[Opening Dataset records section]

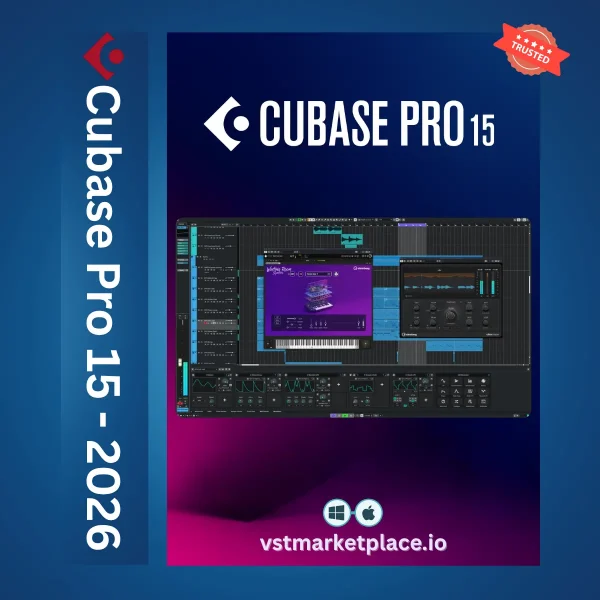 Cubase Pro 15 – Advanced DAW for Mixing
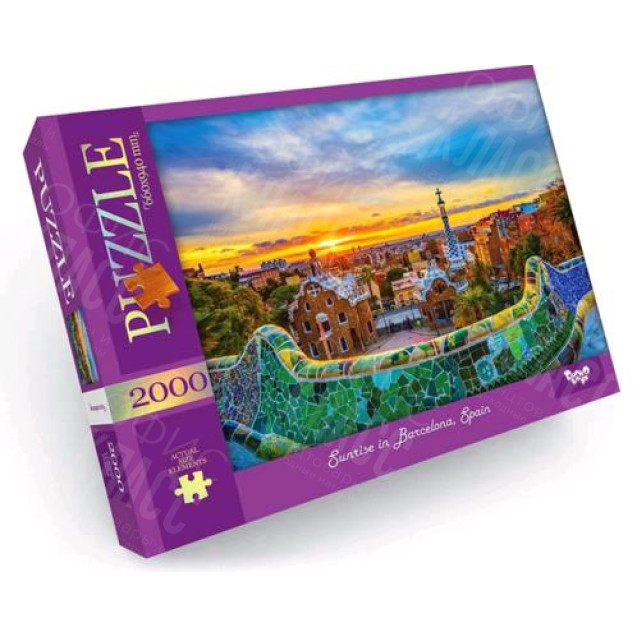 ПАЗЛ 2000 ЕЛЕМЕНТОВ ДТ-ПЗ-05-52 С2000-01 -02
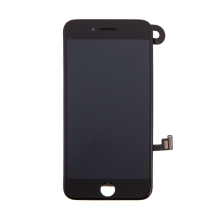 LCD panel + dotykové sklo (touch screen digitizér) pro Apple iPhone 8 / SE (2020) - osazený černý - kvalita A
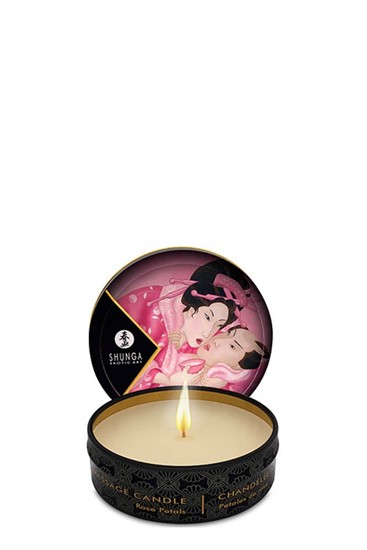 Shunga Massage Candele [Illat: Zöld tea]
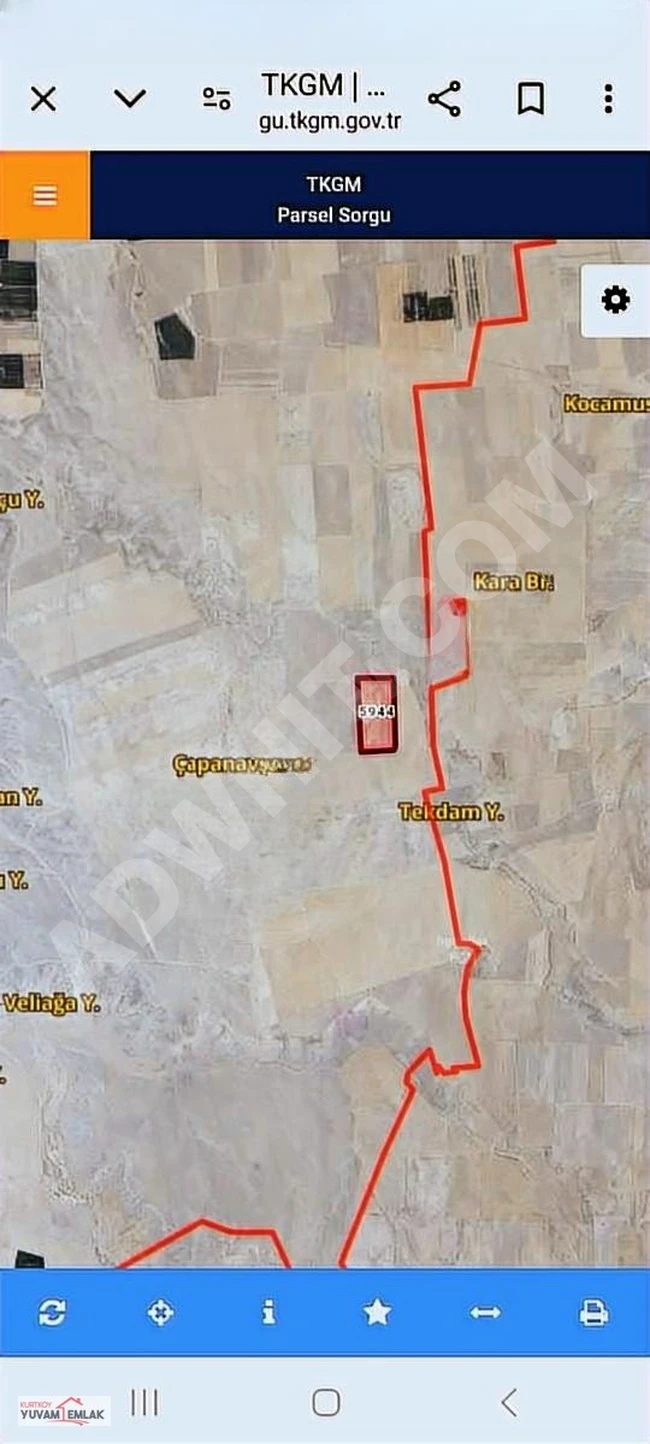 Great Investment Opportunity - Agricultural Land for Sale in AKSARAY SULTANHANI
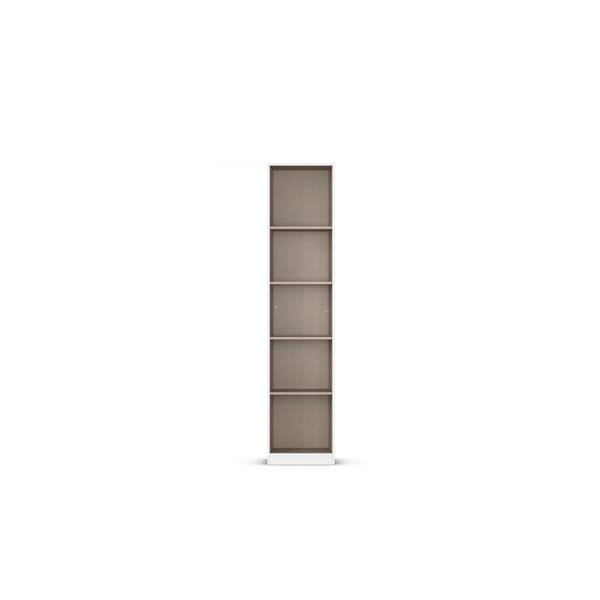 Garderobenschrank Skagen Alpinweiß - Breite: 47 cm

[Closing Dataset records section]

> _Task to carry out_
Transcribe the lines that run from the line bearing "Great Investment Opportunity" through the last line of the data. Keep the wording exact and leave out every picture.

> _Reply_
 Great Investment Opportunity - Agricultural Land for Sale in AKSARAY SULTANHANI
 Garderobenschrank Skagen Alpinweiß - Breite: 47 cm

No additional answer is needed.